# New Foster dog at my house



## Moe's Gram (Oct 9, 2009)

Hi Everyone! Just wanted to introduce you to a new foster at our house.

His name is Cadbury. He is a 5 y/o chocolate hav. Such pretty coloring. He is just a sweetheart and ready for a new "forever" family.


----------



## Pipersmom (Jul 27, 2009)

Wow, what a cutie! I'm sure he'll get a special family-how could you resist that sweet face?


----------



## whimsy (Apr 3, 2010)

he is a cutie!!...someone will take him quickly I'm sure!
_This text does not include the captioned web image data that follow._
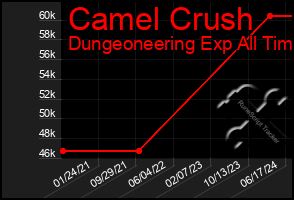 Total Graph of Camel Crush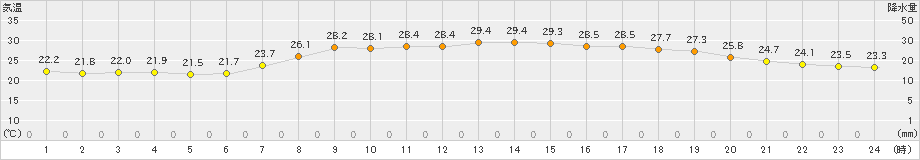 かほく(>2024年09月05日)のアメダスグラフ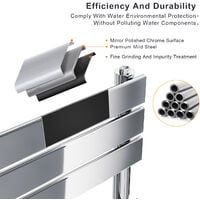 ELEGANT 1200 x 400 Chrome Designer Flat Panel Heated Towel Rail Radiator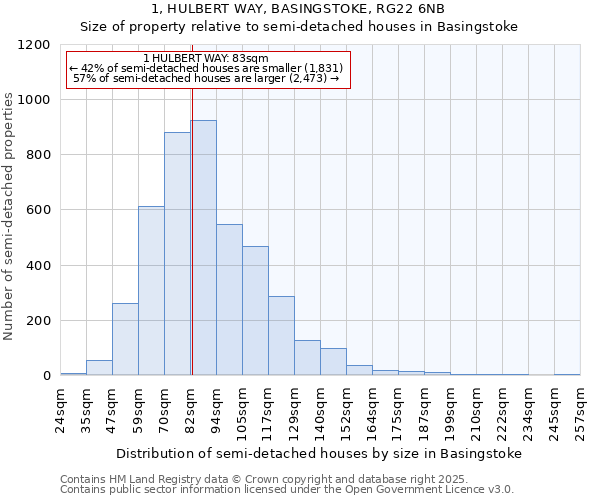 1, HULBERT WAY, BASINGSTOKE, RG22 6NB: Size of property relative to detached houses in Basingstoke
Looks like he made a friend in that first picture!


----------



## morriscsps (Aug 17, 2010)

I guess that pic answers the "is he good with kids" question. ound: what a couple of cuties!


----------



## Pixiesmom (Jul 31, 2008)

Adorable and love his name!


----------



## misstray (Feb 6, 2011)

He looks like a happy boy!


----------



## Lola :) (Nov 20, 2012)

super cute!!


----------



## andra (Aug 23, 2010)

What a cutie pie!


----------



## Ewokpup (Nov 3, 2012)

what an adorable pup! and thank you for being a foster pup-parent! as a recent adopter of an HRI pup, I know what an amazing job the foster families do when it comes to getting these pups ready for their fur-ever homes, and picking the right family!


----------



## davetgabby (Dec 29, 2007)

good for you Kim, keep up the great work, keep us posted.


----------



## Anna6 (Oct 21, 2012)

What a cutie! One dog is enough for me else I would be tempted to sign up to adopt him.


----------



## StarrLhasa (Jun 6, 2010)

Moe's Gram said:


> Hi Everyone! Just wanted to introduce you to a new foster at our house.
> 
> His name is Cadbury. He is a 5 y/o chocolate hav. Such pretty coloring. He is just a sweetheart and ready for a new "forever" family.


Cadbury is too adorable. Are you fostering him for HALO or another rescue organization? Have you fostered other dogs in the past?

Thank you for taking such good care of this puppy. It would be hard for me to let him go to his forever family. You must be very strong. :thumb:


----------